# Tivo HD 2TB with WinMFS?



## TivoRocks193 (Aug 10, 2005)

I've seen conflicting posts so I'll ask here.. does upgrading to a 2TB for a Tivo HD work with WinMFS or does it require "special" tools?

I know in the past it was not particularly easy to upgrade past 1TB, which is why a lot of people bought drives of eBay, but has this changed? Is upgrading a TiVo HD with 2TB the same as 1TB using WinMFS?


----------



## ThAbtO (Apr 6, 2000)

With the Tivo software at 11.0h or higher, it can support up to the full 2TB drive capacity using WinMFS, or MFStools. Prior to 11.0h, the max was about 1.2TB. 
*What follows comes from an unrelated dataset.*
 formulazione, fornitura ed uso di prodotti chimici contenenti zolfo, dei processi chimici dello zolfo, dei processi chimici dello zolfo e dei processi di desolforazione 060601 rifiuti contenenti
My preference is WinMFS since there is little to no typing.


----------



## unitron (Apr 28, 2006)

TivoRocks193 said:


> I've seen conflicting posts so I'll ask here.. does upgrading to a 2TB for a Tivo HD work with WinMFS or does it require "special" tools?
> 
> I know in the past it was not particularly easy to upgrade past 1TB, which is why a lot of people bought drives of eBay, but has this changed? Is upgrading a TiVo HD with 2TB the same as 1TB using WinMFS?


As indicated, first you make sure the current drive is up to version 11.0h or newer (most recent is 11.0m), or you make sure the truncated backup file (which will need to be a .tbk file to indicate that it was made by WinMFS and not some other program) was made from a drive that was at least updated as far as 11h.
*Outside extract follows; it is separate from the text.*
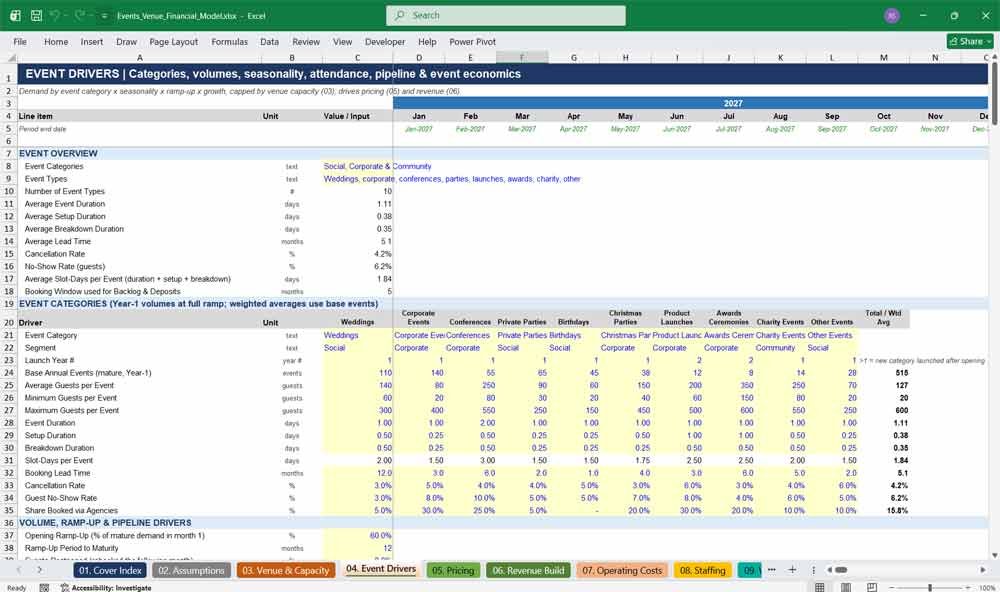 Wedding Venue Financial Model Template Excel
Then you take that brand new drive and run the drive manufacturer's own diagnostic software long test before putting that drive into service.

While that's running you can take the lid off of your TiVo and eyeball the power supply capacitors closely for any signs of bulging or leakage, Series 2 and 3 platform TiVos are prone to that problem because long explanation.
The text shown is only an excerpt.